> _Instructions to follow_
Images within the entries are to be omitted; the remainder must be reproduced exactly.

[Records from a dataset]
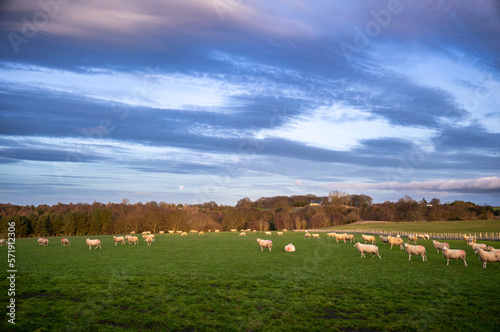 Sheep grazing in a green field in the English countryside at sunset in winter on a UK farm.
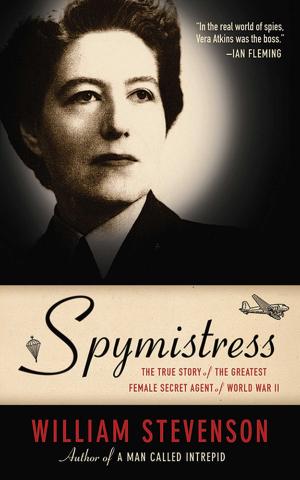 Cover of the book Spymistress by Theo Servetas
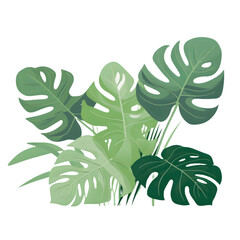 Foliage tropical leaf illustration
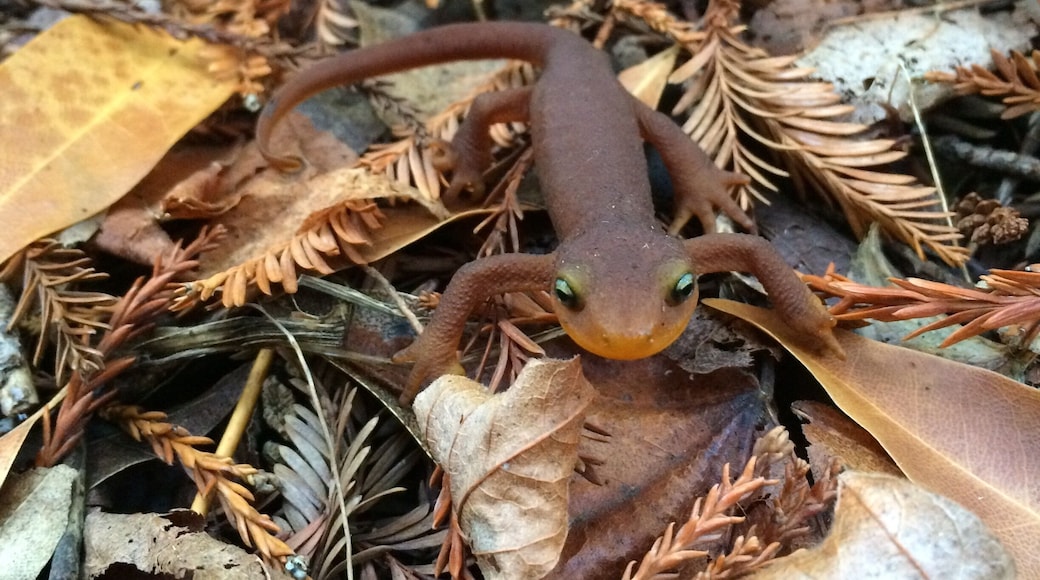 Morning hike in November. The much needed rain at the end of October has had an effect...fresh shoots of green grass are making an appearance along the shaded trails.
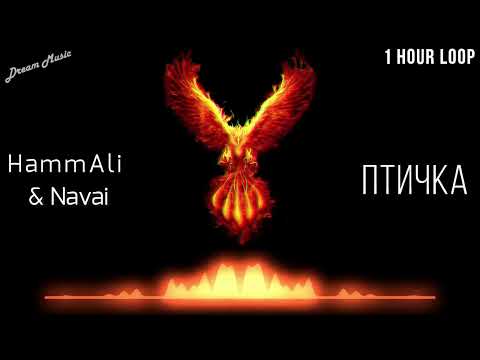 HammAli & Navai - Птичка // 1.30 Hour Loop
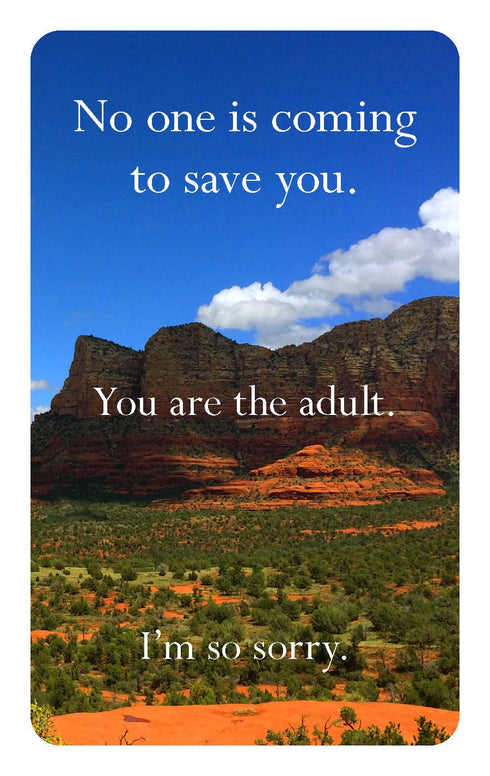 DISAPPOINTING AFFIRMATIONS DECK - TARNOWSKI. DAVE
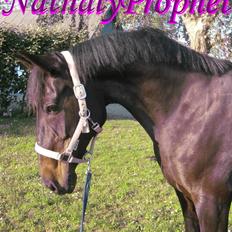 Standardbred Nathaly Prophet (S)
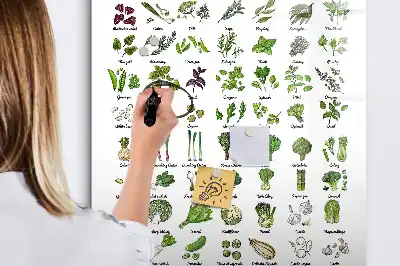 Lavagna magnetica cancellabile a secco Verdure verdi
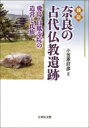 検証　奈良の古代仏教遺跡 飛鳥・白鳳寺院の造営と氏族 / 小笠原好彦 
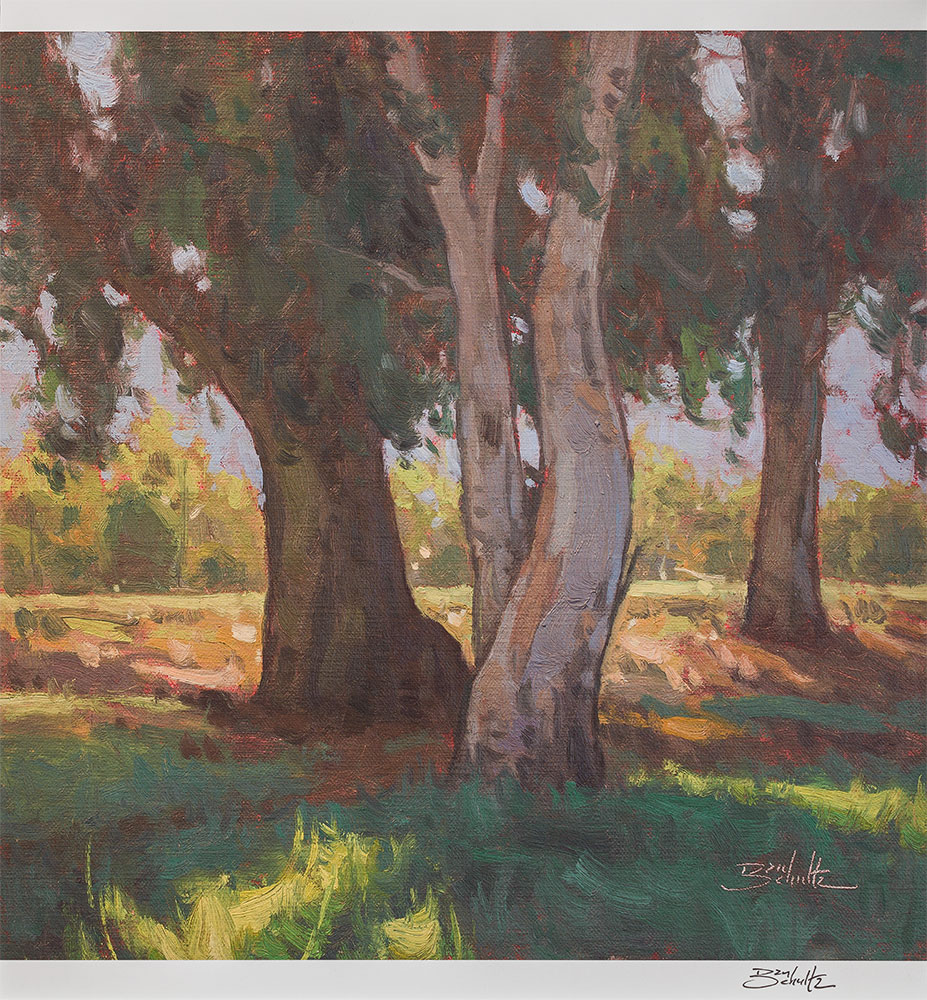 Quiet Shade, 12x12 Giclee Print on Paper by Dan Schultz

> _Output_
 Sheep grazing in a green field in the English countryside at sunset in winter on a UK farm.
 Cover of the book Spymistress by Theo Servetas
 Foliage tropical leaf illustration
 Morning hike in November. The much needed rain at the end of October has had an effect...fresh shoots of green grass are making an appearance along the shaded trails.
 HammAli & Navai - Птичка // 1.30 Hour Loop
 DISAPPOINTING AFFIRMATIONS DECK - TARNOWSKI. DAVE
 Standardbred Nathaly Prophet (S)
 Lavagna magnetica cancellabile a secco Verdure verdi
 検証　奈良の古代仏教遺跡 飛鳥・白鳳寺院の造営と氏族 / 小笠原好彦 
 Quiet Shade, 12x12 Giclee Print on Paper by Dan Schultz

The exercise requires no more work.